[Recorded data]
┌──
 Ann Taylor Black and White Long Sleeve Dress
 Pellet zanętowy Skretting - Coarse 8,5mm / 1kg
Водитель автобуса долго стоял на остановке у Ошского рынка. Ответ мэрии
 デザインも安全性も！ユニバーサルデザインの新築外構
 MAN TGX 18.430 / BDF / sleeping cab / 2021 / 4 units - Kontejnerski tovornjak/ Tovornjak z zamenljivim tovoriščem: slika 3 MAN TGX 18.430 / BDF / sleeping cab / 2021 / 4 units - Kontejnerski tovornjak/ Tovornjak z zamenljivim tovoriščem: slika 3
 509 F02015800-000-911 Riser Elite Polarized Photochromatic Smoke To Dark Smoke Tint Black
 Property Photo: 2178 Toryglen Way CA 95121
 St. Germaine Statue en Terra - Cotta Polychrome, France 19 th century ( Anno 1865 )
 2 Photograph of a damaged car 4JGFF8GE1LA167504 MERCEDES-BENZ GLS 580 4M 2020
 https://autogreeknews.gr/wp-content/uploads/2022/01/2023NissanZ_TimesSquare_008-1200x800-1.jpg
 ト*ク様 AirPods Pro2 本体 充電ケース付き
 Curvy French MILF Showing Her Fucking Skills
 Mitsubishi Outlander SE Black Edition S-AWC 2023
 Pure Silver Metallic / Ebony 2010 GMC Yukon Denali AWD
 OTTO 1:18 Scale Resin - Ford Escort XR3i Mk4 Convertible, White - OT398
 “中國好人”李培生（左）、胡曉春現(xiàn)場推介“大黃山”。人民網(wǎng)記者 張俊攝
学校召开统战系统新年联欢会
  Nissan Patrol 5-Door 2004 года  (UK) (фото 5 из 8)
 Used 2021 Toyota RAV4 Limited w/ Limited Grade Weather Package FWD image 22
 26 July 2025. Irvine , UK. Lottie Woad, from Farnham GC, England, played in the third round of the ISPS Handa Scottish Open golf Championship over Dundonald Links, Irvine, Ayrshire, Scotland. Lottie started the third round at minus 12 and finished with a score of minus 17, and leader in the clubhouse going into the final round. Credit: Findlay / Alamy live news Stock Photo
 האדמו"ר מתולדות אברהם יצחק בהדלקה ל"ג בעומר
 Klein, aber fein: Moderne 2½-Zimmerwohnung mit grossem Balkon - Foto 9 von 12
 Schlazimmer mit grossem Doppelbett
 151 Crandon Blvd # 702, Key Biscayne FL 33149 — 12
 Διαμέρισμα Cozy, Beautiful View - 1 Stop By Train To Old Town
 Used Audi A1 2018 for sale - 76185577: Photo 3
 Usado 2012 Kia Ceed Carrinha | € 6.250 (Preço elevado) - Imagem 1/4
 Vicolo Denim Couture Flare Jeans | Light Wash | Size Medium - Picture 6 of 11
└──
**WORK TASK:** A complete, exact copy of the entries is required.

**RESULT:**
 Ann Taylor Black and White Long Sleeve Dress
 Pellet zanętowy Skretting - Coarse 8,5mm / 1kg
Водитель автобуса долго стоял на остановке у Ошского рынка. Ответ мэрии
 デザインも安全性も！ユニバーサルデザインの新築外構
 MAN TGX 18.430 / BDF / sleeping cab / 2021 / 4 units - Kontejnerski tovornjak/ Tovornjak z zamenljivim tovoriščem: slika 3 MAN TGX 18.430 / BDF / sleeping cab / 2021 / 4 units - Kontejnerski tovornjak/ Tovornjak z zamenljivim tovoriščem: slika 3
 509 F02015800-000-911 Riser Elite Polarized Photochromatic Smoke To Dark Smoke Tint Black
 Property Photo: 2178 Toryglen Way CA 95121
 St. Germaine Statue en Terra - Cotta Polychrome, France 19 th century ( Anno 1865 )
 2 Photograph of a damaged car 4JGFF8GE1LA167504 MERCEDES-BENZ GLS 580 4M 2020
 https://autogreeknews.gr/wp-content/uploads/2022/01/2023NissanZ_TimesSquare_008-1200x800-1.jpg
 ト*ク様 AirPods Pro2 本体 充電ケース付き
 Curvy French MILF Showing Her Fucking Skills
 Mitsubishi Outlander SE Black Edition S-AWC 2023
 Pure Silver Metallic / Ebony 2010 GMC Yukon Denali AWD
 OTTO 1:18 Scale Resin - Ford Escort XR3i Mk4 Convertible, White - OT398
 “中國好人”李培生（左）、胡曉春現(xiàn)場推介“大黃山”。人民網(wǎng)記者 張俊攝
学校召开统战系统新年联欢会
  Nissan Patrol 5-Door 2004 года  (UK) (фото 5 из 8)
 Used 2021 Toyota RAV4 Limited w/ Limited Grade Weather Package FWD image 22
 26 July 2025. Irvine , UK. Lottie Woad, from Farnham GC, England, played in the third round of the ISPS Handa Scottish Open golf Championship over Dundonald Links, Irvine, Ayrshire, Scotland. Lottie started the third round at minus 12 and finished with a score of minus 17, and leader in the clubhouse going into the final round. Credit: Findlay / Alamy live news Stock Photo
 האדמו"ר מתולדות אברהם יצחק בהדלקה ל"ג בעומר
 Klein, aber fein: Moderne 2½-Zimmerwohnung mit grossem Balkon - Foto 9 von 12
 Schlazimmer mit grossem Doppelbett
 151 Crandon Blvd # 702, Key Biscayne FL 33149 — 12
 Διαμέρισμα Cozy, Beautiful View - 1 Stop By Train To Old Town
 Used Audi A1 2018 for sale - 76185577: Photo 3
 Usado 2012 Kia Ceed Carrinha | € 6.250 (Preço elevado) - Imagem 1/4
 Vicolo Denim Couture Flare Jeans | Light Wash | Size Medium - Picture 6 of 11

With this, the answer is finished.